# Northwind Database Analysis

This notebook provides comprehensive analysis of the Northwind sample database, including exploratory data analysis, sales trends, customer segmentation, and predictive modeling.

## Table of Contents
1. Import Required Libraries
2. Load and Explore Dataset
3. Data Preprocessing
4. Feature Engineering
5. Model Selection and Training
6. Model Evaluation
7. Hyperparameter Tuning
8. Save and Load Model

## 1. Import Required Libraries

Import essential libraries for data manipulation, visualization, and machine learning analysis.

In [None]:
# Data manipulation and analysis
import pandas as pd
import numpy as np
import sqlite3
from datetime import datetime

# Visualization libraries
import matplotlib.pyplot as plt
import seaborn as sns
import plotly.express as px
import plotly.graph_objects as go
from plotly.subplots import make_subplots

# Machine learning libraries
from sklearn.model_selection import train_test_split, GridSearchCV
from sklearn.preprocessing import StandardScaler, LabelEncoder
from sklearn.ensemble import RandomForestRegressor, RandomForestClassifier
from sklearn.linear_model import LinearRegression
from sklearn.metrics import mean_squared_error, r2_score, classification_report
import joblib

# Set plotting style
plt.style.use('seaborn-v0_8')
sns.set_palette("husl")

# Configure pandas display options
pd.set_option('display.max_columns', None)
pd.set_option('display.width', 1000)

print("All libraries imported successfully!")

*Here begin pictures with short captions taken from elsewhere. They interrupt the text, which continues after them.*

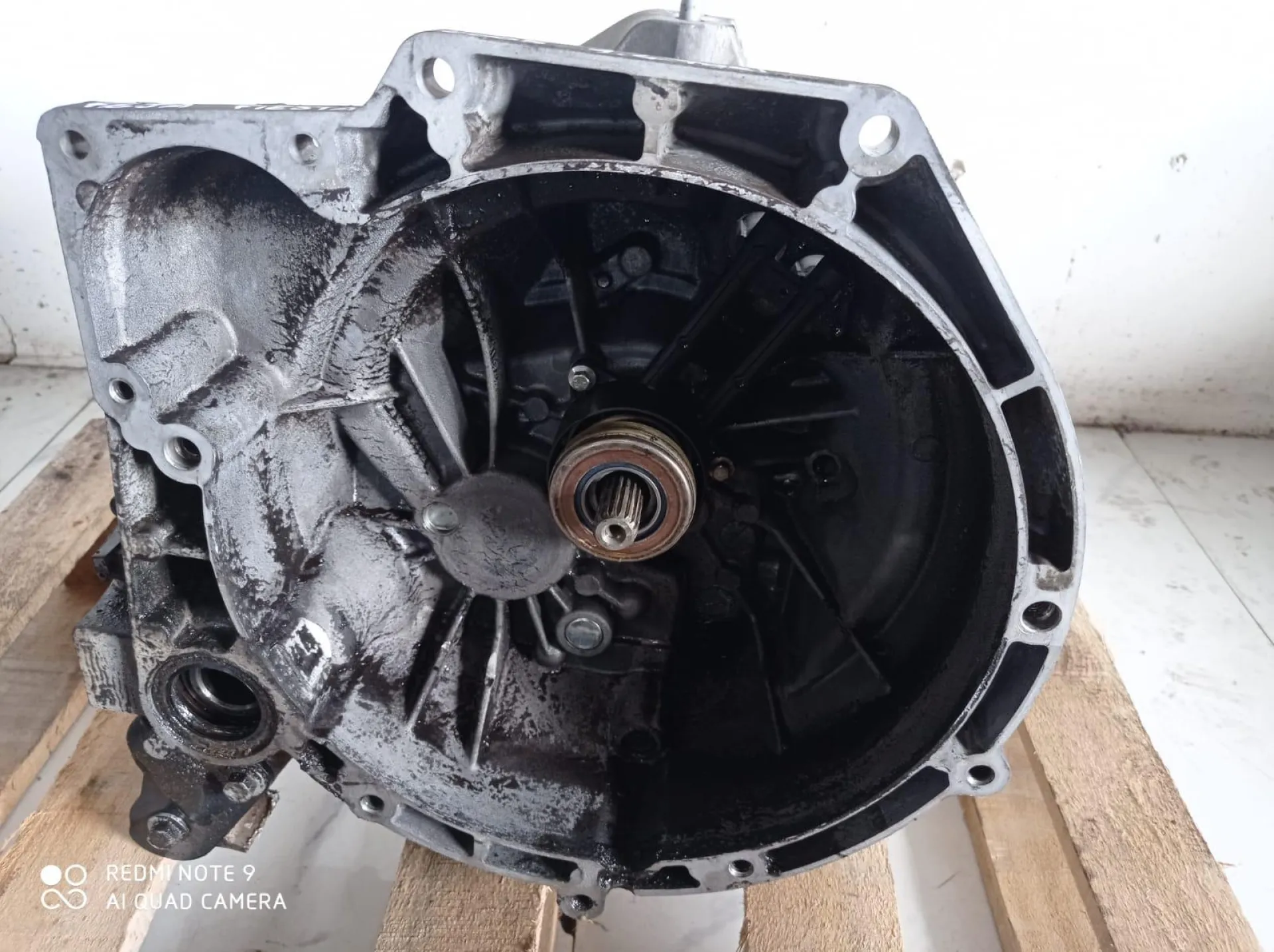 CAMBIO MANUALE COMPLETO con codice 8A6R 7002 EA da FORD Fiesta 5° Serie Diesel 1400 (05>08)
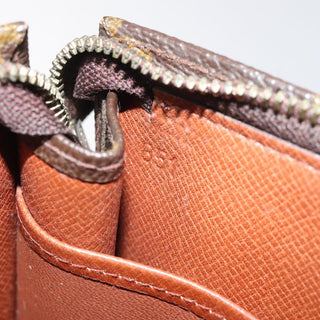 Louis Vuitton Toiletry Pouch Monogram Canvas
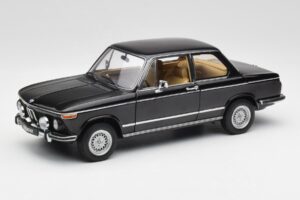 BMW 2002 L E10 Μαύρο AUTOart 1:18 70603 Μέταλλο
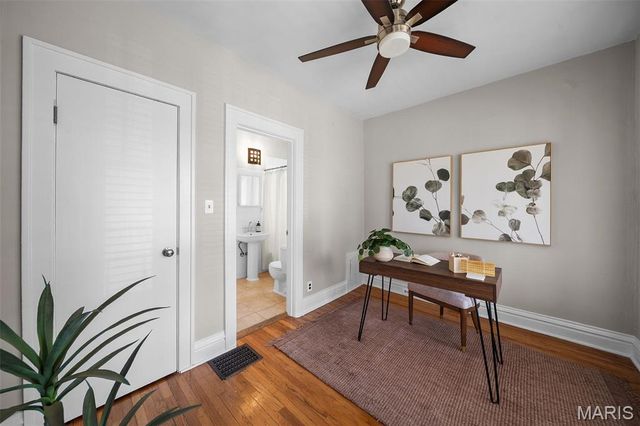 8913 Lawn Avenue, Brentwood, MO 63144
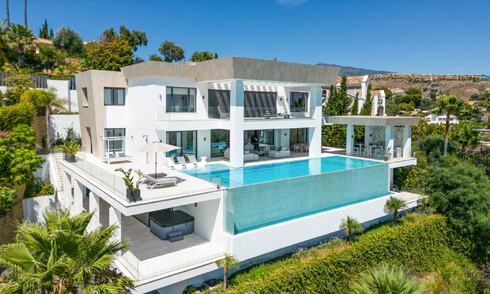 Moderne villa te koop met panoramisch zeezicht in Marbella - Benahavis 58772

## 2. Load and Explore Dataset

Connect to the Northwind SQLite database and load the data into pandas DataFrames for analysis.

In [None]:
# Connect to the Northwind database
db_path = '../data/nw.sqlite'
conn = sqlite3.connect(db_path)

# Load all tables into DataFrames
tables = {
    'customers': pd.read_sql_query("SELECT * FROM Customers", conn),
    'orders': pd.read_sql_query("SELECT * FROM Orders", conn),
    'order_details': pd.read_sql_query("SELECT * FROM OrderDetails", conn),
    'products': pd.read_sql_query("SELECT * FROM Products", conn),
    'categories': pd.read_sql_query("SELECT * FROM Categories", conn),
    'suppliers': pd.read_sql_query("SELECT * FROM Suppliers", conn),
    'employees': pd.read_sql_query("SELECT * FROM Employees", conn),
    'shippers': pd.read_sql_query("SELECT * FROM Shippers", conn)
}

print("Database tables loaded successfully!")
print(f"Tables available: {list(tables.keys())}")

# Display basic information about each table
for table_name, df in tables.items():
    print(f"\n{table_name.upper()} - Shape: {df.shape}")
    print(f"Columns: {list(df.columns)}")
    
conn.close()